Ainsi, la lettre laissée par
Nawal aux jumeaux dans le premier tableau de la pièce prend des accents prophétiques.
Elle
anticipe l’issue de la pièce et annonce que « le silence sera brisé » (tabl.
2), procédé qui fait
écho avec la tragédie classique.
On comprend que l’issue de la quête des jumeaux est de briser
le silence et du même coup de redonner un nom, une identité, à leur mère morte.
B - Taire l’indicible, taire l’origine : un silence maternel qui est à la fois produit et
source de douleur
Au micro de Laure Adler, W.
Mouawad explique : « J’ai peu à peu compris qu’il y
avait là des silences qui n’étaient pas dus à des silences tout simplement parce qu’on ne
parlait plus, mais des silences qui étaient dus au fait qu’il y avait trop de honte, trop
d’humiliations dues aux douleurs, aux souffrances vécues par mes parents et par la génération
de mes parents et qu’il y avait une impossibilité de raconter à ma génération ce qui s’était
passé.
» (Adler, 2016)
Incendies est une pièce sur l’impossibilité de transmettre une parole douloureuse, qui serait
plus de l’ordre du cadeau empoisonné que du trésor familial.

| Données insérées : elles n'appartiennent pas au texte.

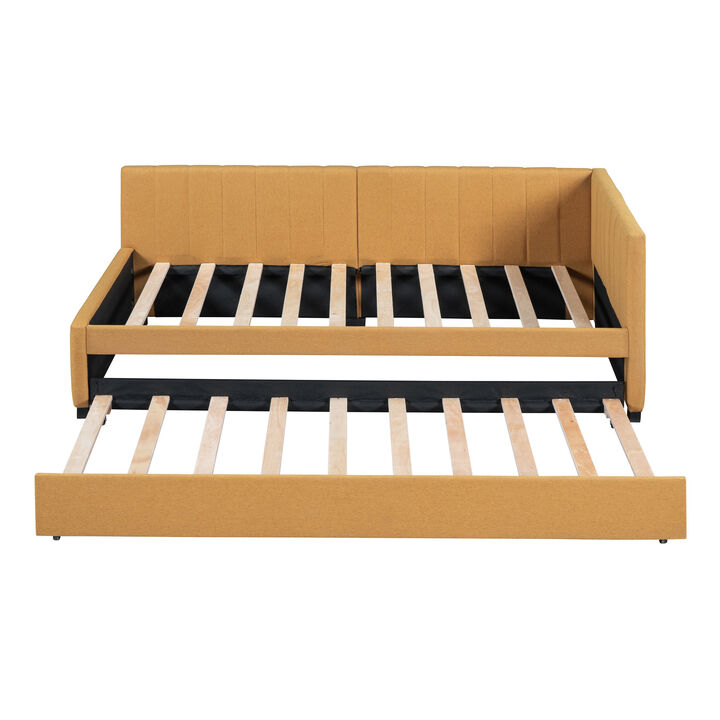 Merax Upholstered Daybed Bed Frame with Trundle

Il y a finalement cette idée que
le récit familial est une fable -ce que suppose Malak quand elle dit à Simon « C'est ce qu'elle
[Nawal] vous racontait ? C'est bien, il faut toujours raconter des histoires aux enfants pour les
aider à dormir.
» (sc.
28)- ou un privilège.
Le silence relève parfois de l’incapacité à dire, soit
parce qu’on ne peut pas revivre ces traumatismes en les racontant -les récits donnent lieu à
des hypotyposes omniprésentes dans la pièce, soit parce....
»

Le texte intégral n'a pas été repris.